Löwenzahn das ganze Jahr über
Frischer Löwenzahn ist natürlich am besten, aber das Zeitfenster für die Ernte ist begrenzt. Die jungen, zarten Blätter gibt's hauptsächlich von März bis Mai, danach werden sie zunehmend bitter und faserig. Aber keine Panik - es gibt durchaus Möglichkeiten, Löwenzahn zu konservieren.
Einfrieren funktioniert überraschend gut, allerdings verliert er dabei seine knackige Textur. Die gefrorenen Blätter eignen sich daher eher für Smoothies oder zum Kochen. Trocknen ist eine weitere Option: Die gewaschenen Blätter an einem luftigen, schattigen Ort aufhängen und vollständig trocknen lassen. Das getrocknete Kraut kann dann als Tee aufgebrüht oder als Gewürz verwendet werden.
Clevere Hobbygärtner bauen Löwenzahn auch gezielt im eigenen Garten an. Die Sorte "Verbesserter Vollherziger" ist speziell für den Anbau gezüchtet und etwas milder als der wilde Löwenzahn. Im Herbst ausgesät, liefert er bereits im zeitigen Frühjahr frische Blätter.
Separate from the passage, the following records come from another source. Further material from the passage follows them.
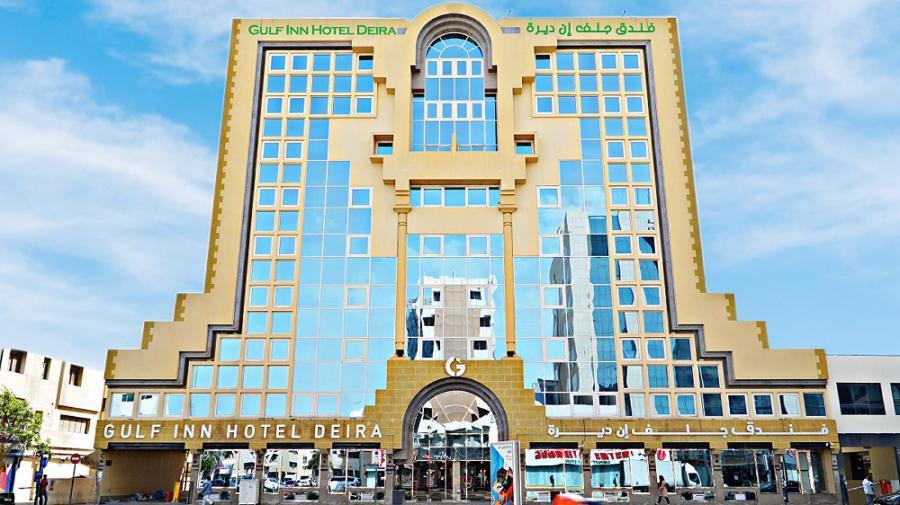 Gulf Inn Hotel Deira Formerly City Star Hotel Dubai Luaran gambar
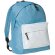 Mochila básica Discovery en variedad de colores Azul/blanco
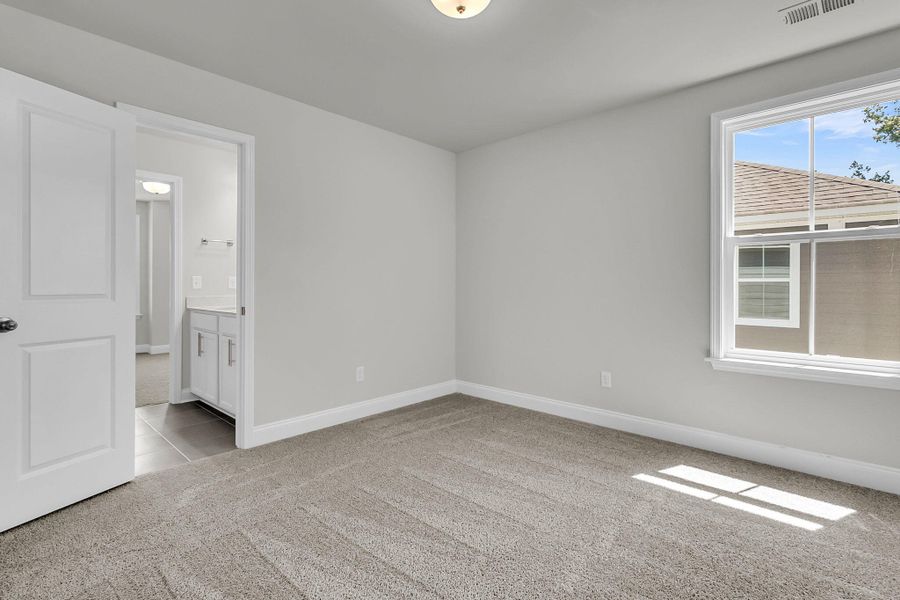 Spacious, unfurnished interior of a new home in Abbey Walk, Moncks Corner (Image 20). Spacious, unfurnished interior of a new home in Abbey Walk, Moncks Corner (Image 20).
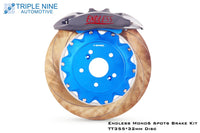 ENDLESS MONO6 BRAKE KIT X TTSPORT SET 355/380MM ROTORS FOR BMW VW AUDI TOYOTA SUBARU MITSUBISHI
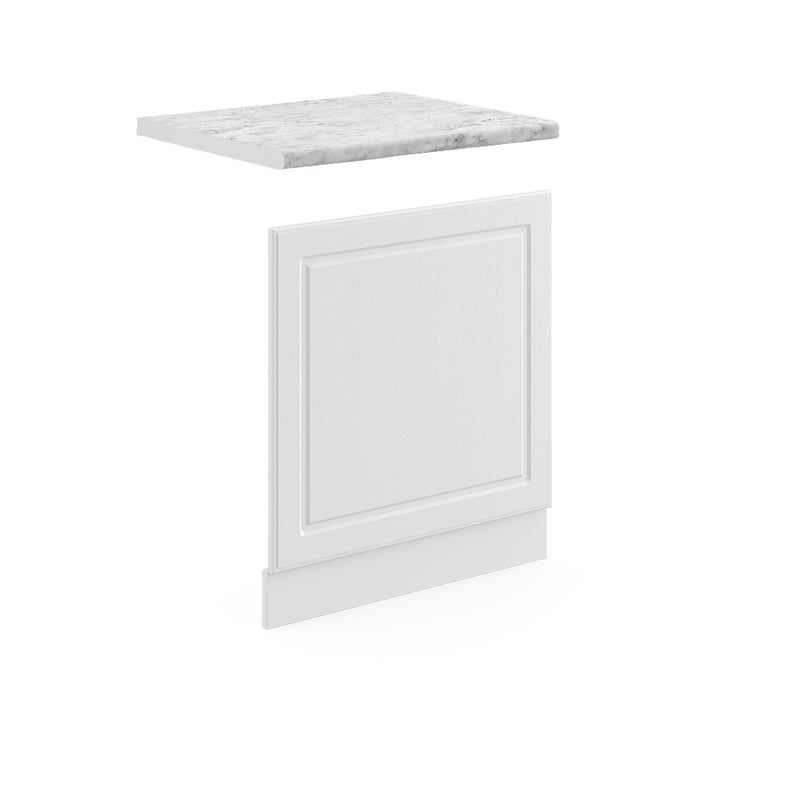 Vicco Panel przedni R-Line, Biały domek wiejski, 60 cm , BP Marmur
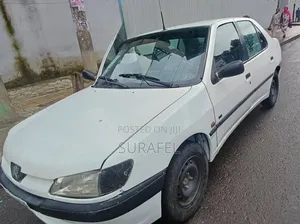 Peugeot 306 Cabriolet 1998 White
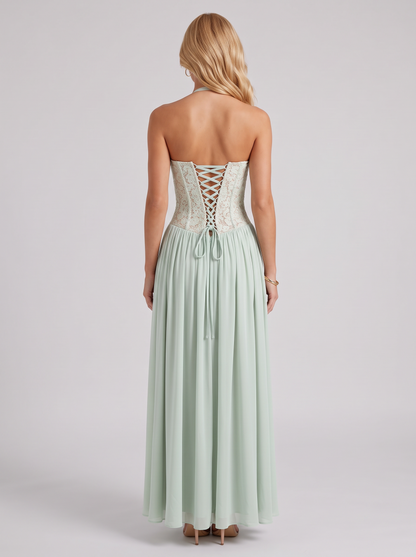 Isabella Lace Maxi Dress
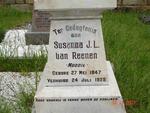 REENEN Susanna J.L., van nee MOODIE 1847-1925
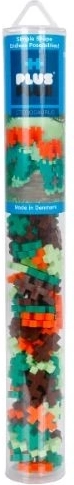 Baukasten Plus Plus Tube Stegosaurus 100 Teile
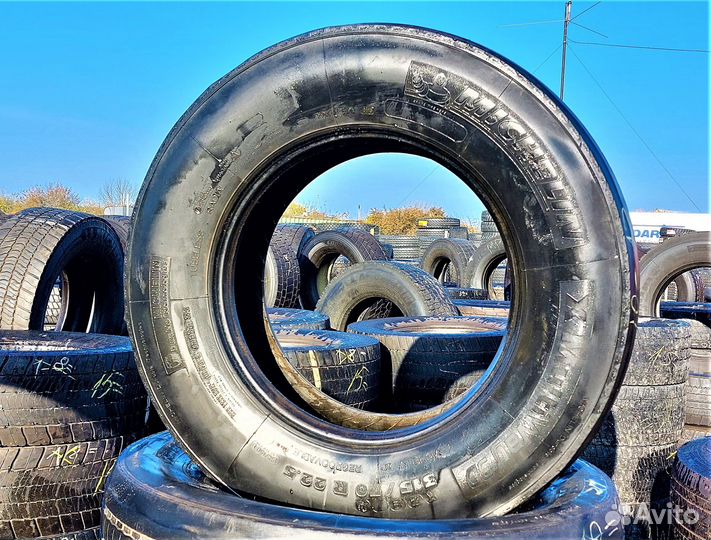 Шины 315/70r22.5,Michelin x multi Wey 3D artd: 545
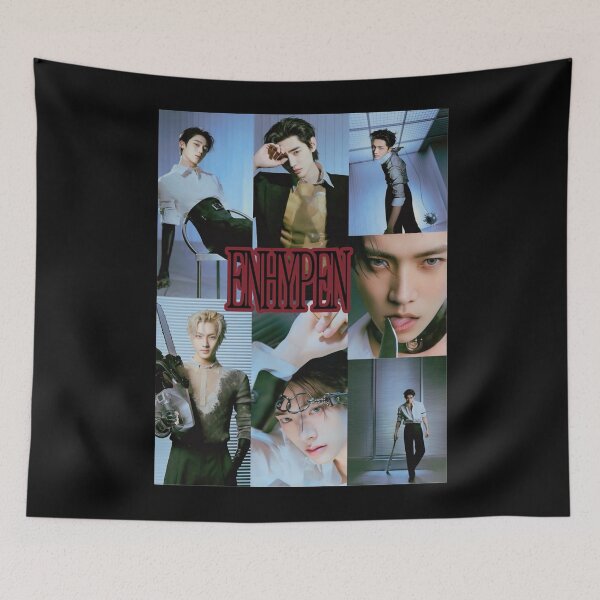 Item preview, Enhypen Collage designed and sold by GreatFinds123.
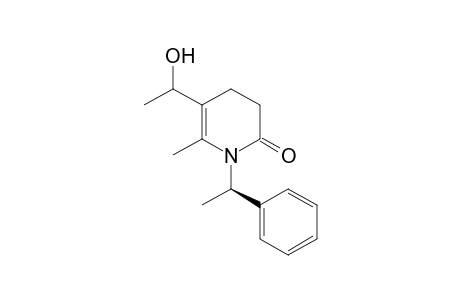 5-(1-hydroxyethyl)-6-methyl-1-[(1R)-1-phenylethyl]-3,4-dihydropyridin-2-one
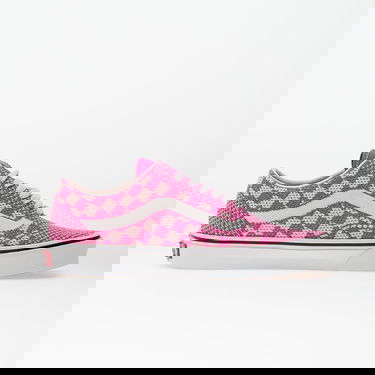 Sneakers och skor Vans Vans Old Skool EK Checkerboard 36.5 Rosa | VN000EF3RAS1, 2
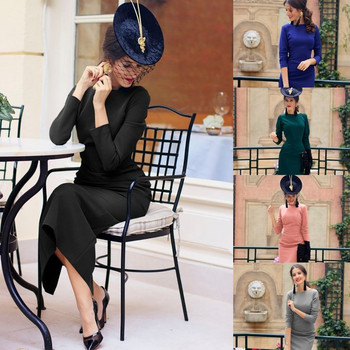 Rochie de dama eleganta cu spatele gol in mai multe culori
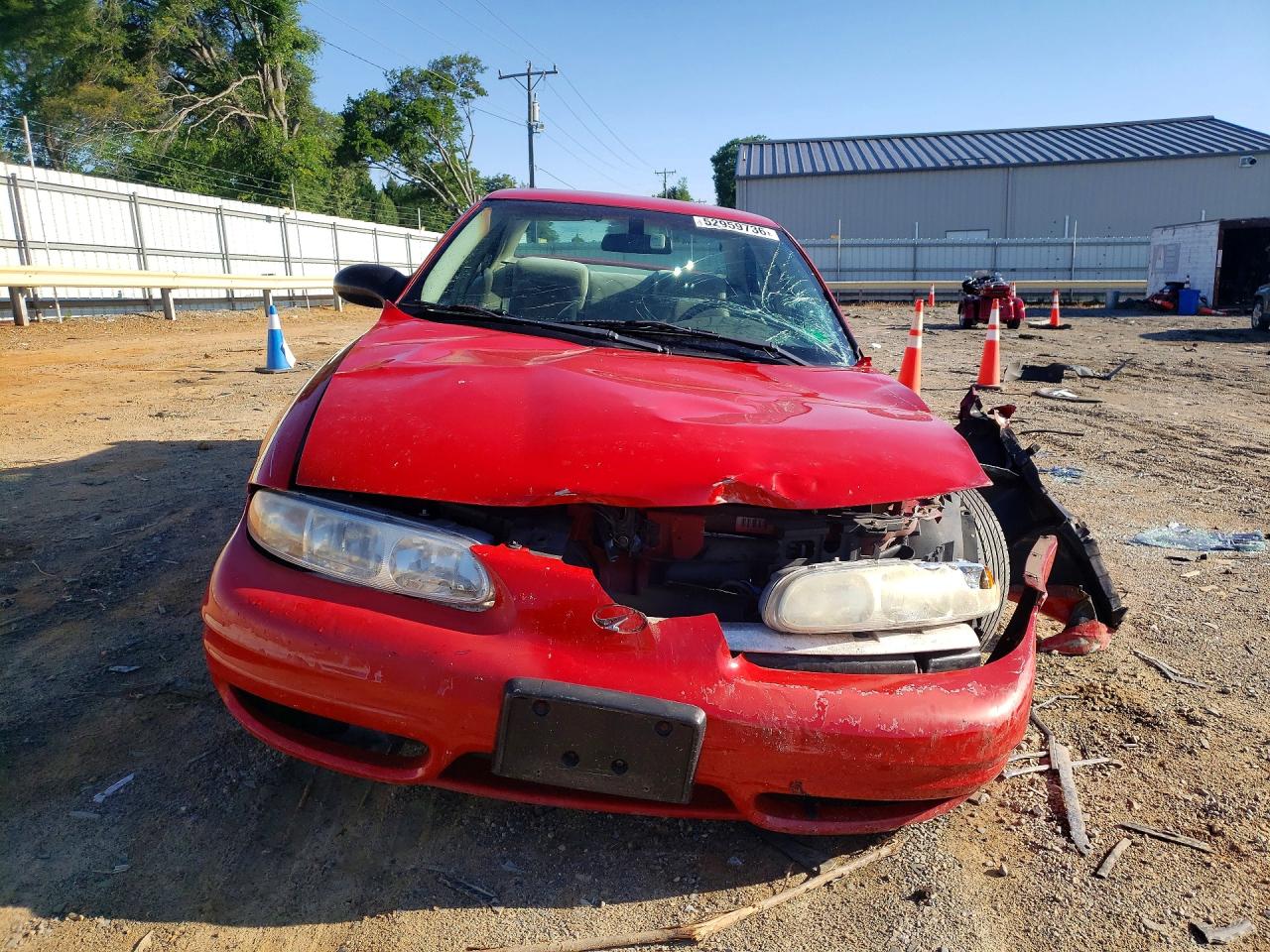 2004 OLDSMOBILE ALERO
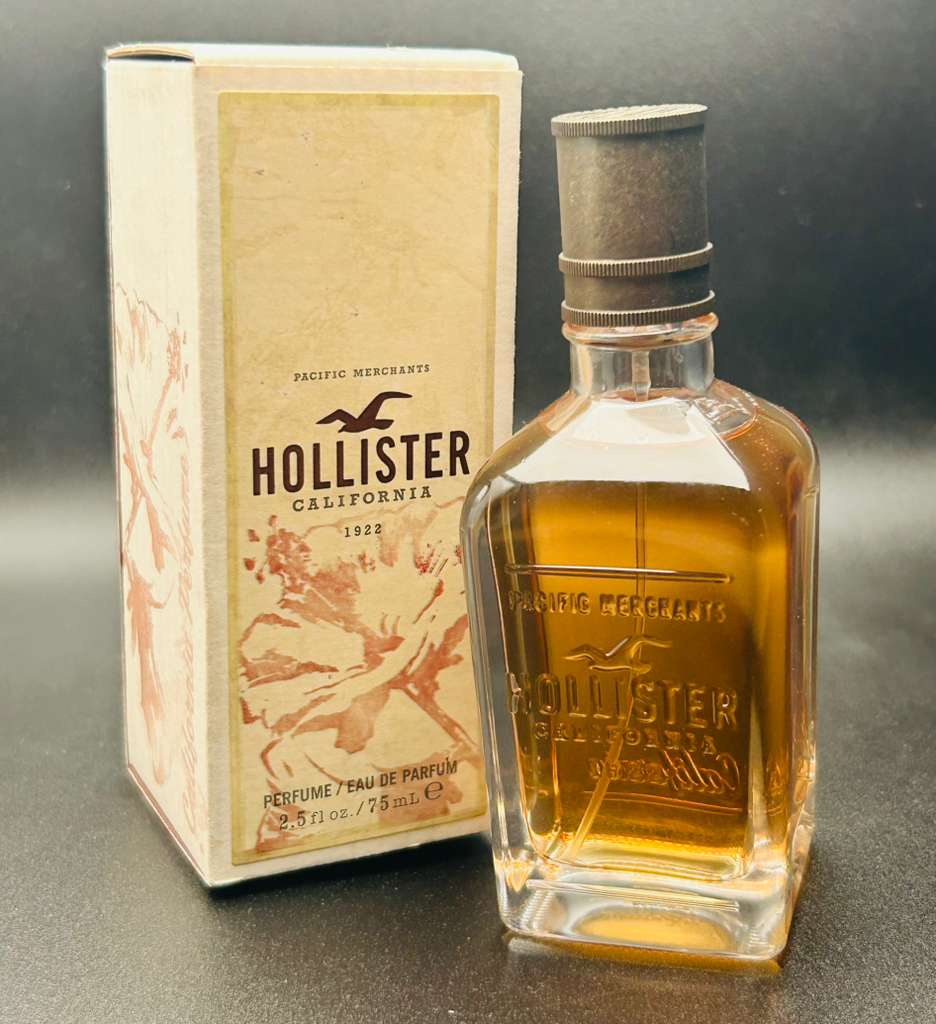 Hollister California 1922 Women’s Eau De Parfum  2.5 fl. oz. 75 ml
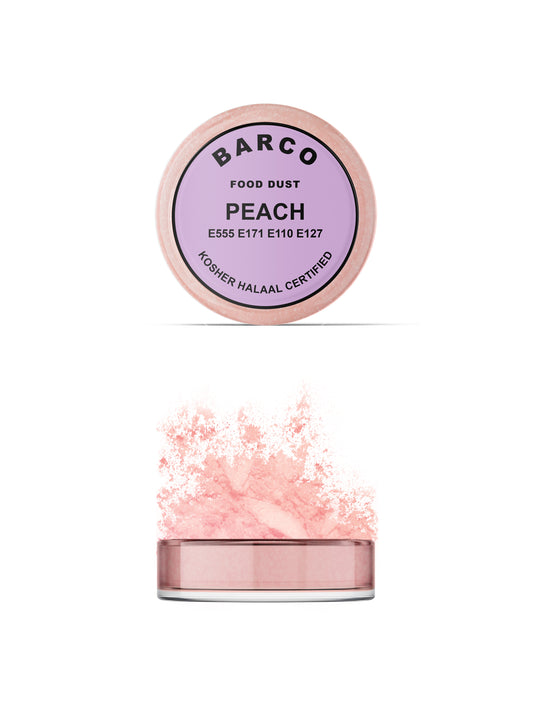 Barco Peach Pearly Dust 10ml (Lilac Label)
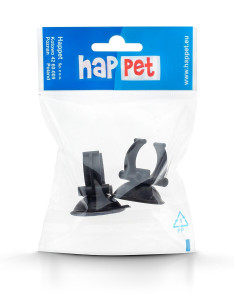 Ventuze Cu Suporturi Pentru Incalzitoare Happet, 2 buc - Img 2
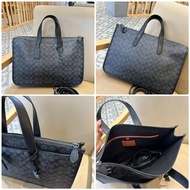 Genuine 100% COAC * Men's Bag New Style ISAAC Briefcase Business Portable Handbag Presbyopic Men's B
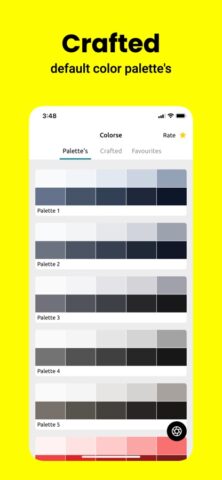 ColAR — AR Color Picker для iOS — скриншот 2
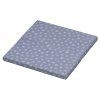 5585 2 matrace hvezdicka do ohradky bela seda 100 x 100cm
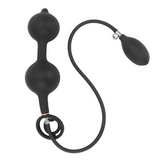 Plug Anal Inflable Bolas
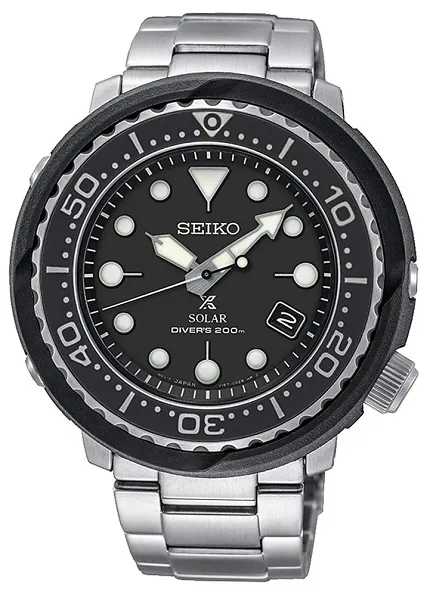 Seiko SNE497P1 Prospex Prospex Tuna Divers 200m Solar - zdjęcie 1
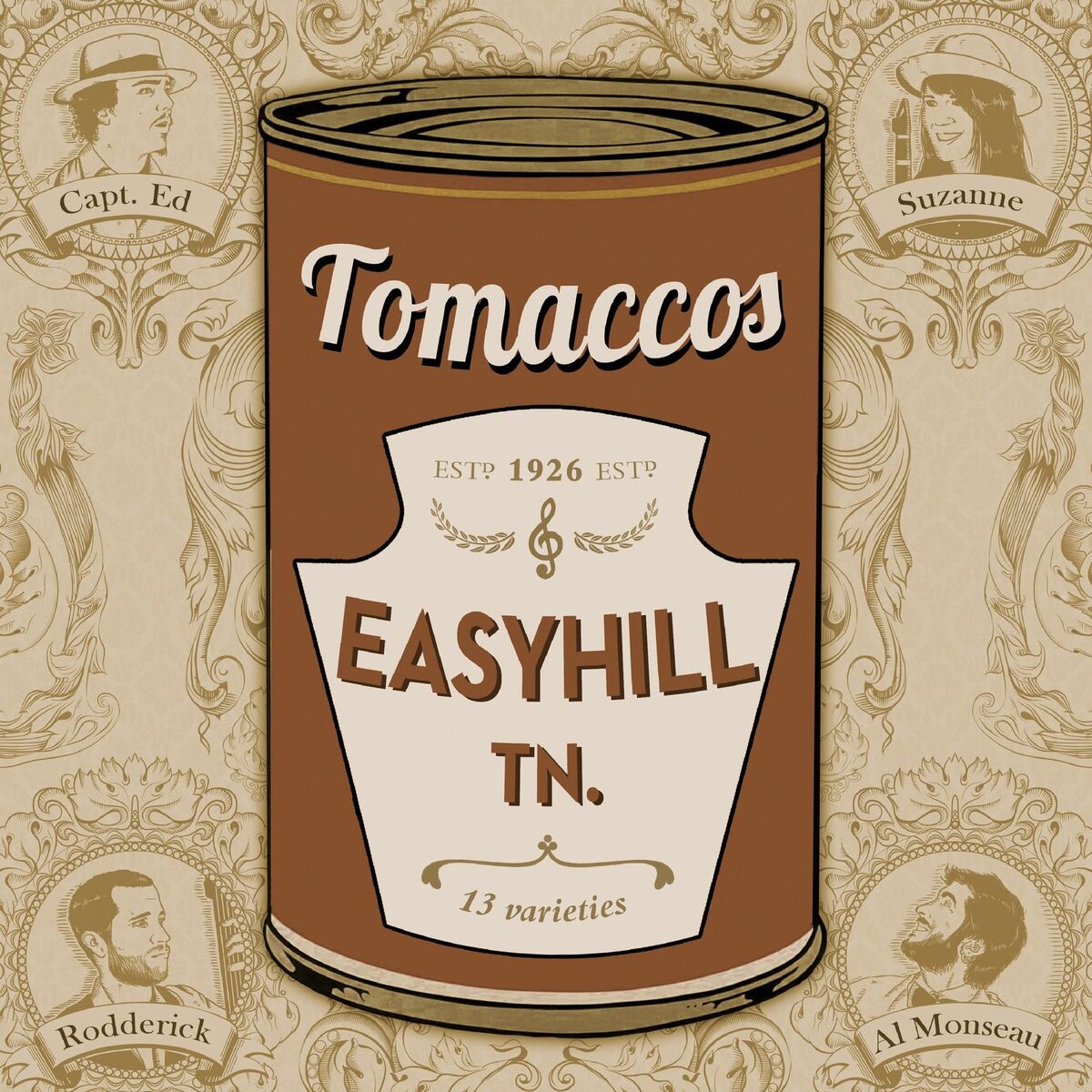 Album cover of Easyhill, Tn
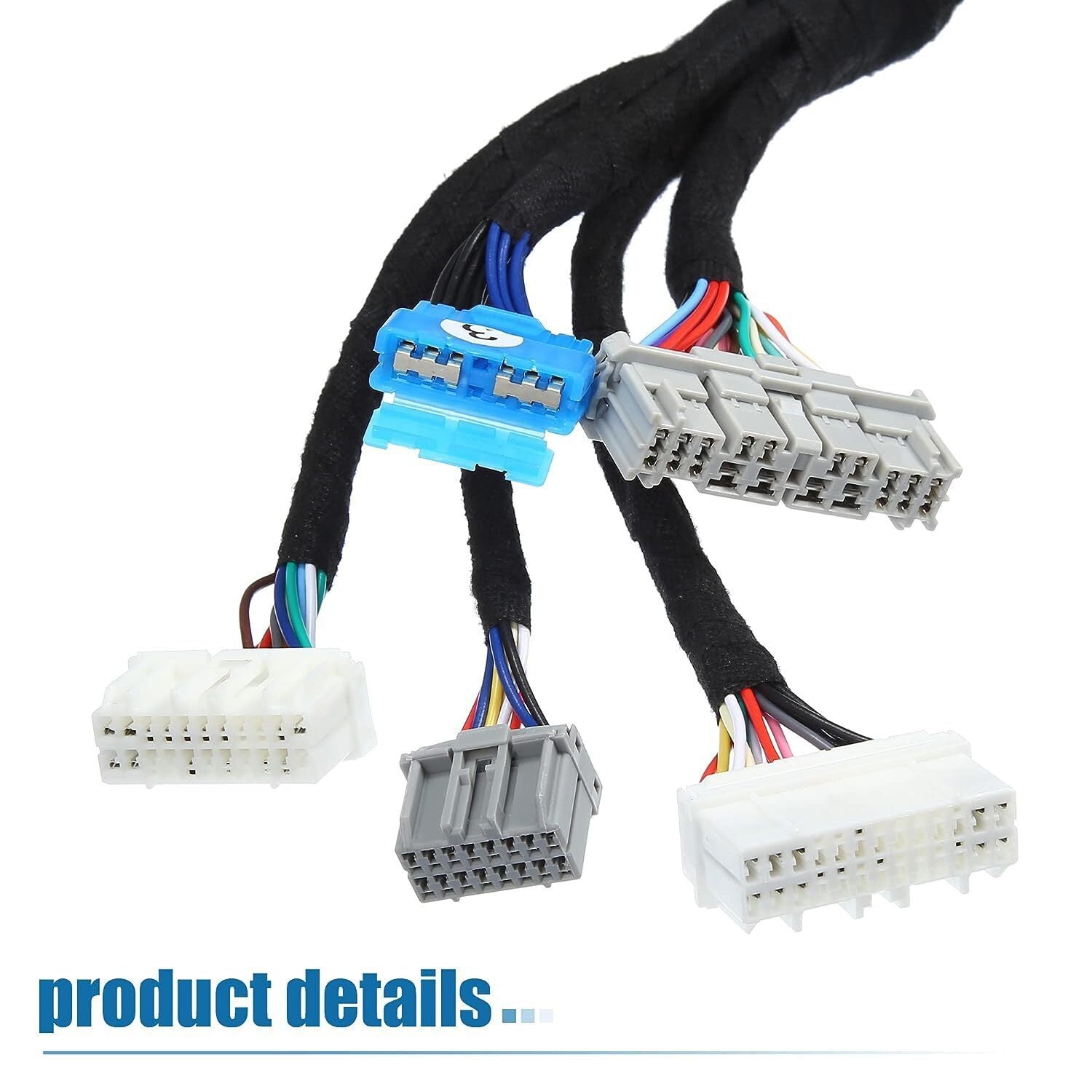 Fit For 92-00 Civic Integra B16 B18 D16 OBD2 D & B-series Tucked Wire Harness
Vorsicht ist besser als Nachsicht
So gesund Löwenzahn auch ist - ein paar Punkte solltest du beachten. Menschen mit Gallensteinen oder einem Verschluss der Gallenwege sollten auf größere Mengen verzichten, da die Bitterstoffe die Gallenproduktion anregen können. Bei bestehenden Magenproblemen wie einem Geschwür können die Bitterstoffe die Beschwerden verstärken.
Auch Allergiker sollten vorsichtig sein. Löwenzahn gehört zur Familie der Korbblütler, zu der auch Kamille, Arnika und Chrysanthemen zählen. Wer auf diese Pflanzen allergisch reagiert, sollte auch bei Löwenzahn aufpassen. Ein kleiner Test mit einer geringen Menge ist immer sinnvoll.
Die entwässernde Wirkung kann bei regelmäßigem Verzehr größerer Mengen zu einem Kaliumverlust führen. Das ist normalerweise kein Problem, da Löwenzahn selbst reich an Kalium ist. Trotzdem solltest du es nicht übertreiben - wie bei allem im Leben gilt auch hier: Die Dosis macht das Gift.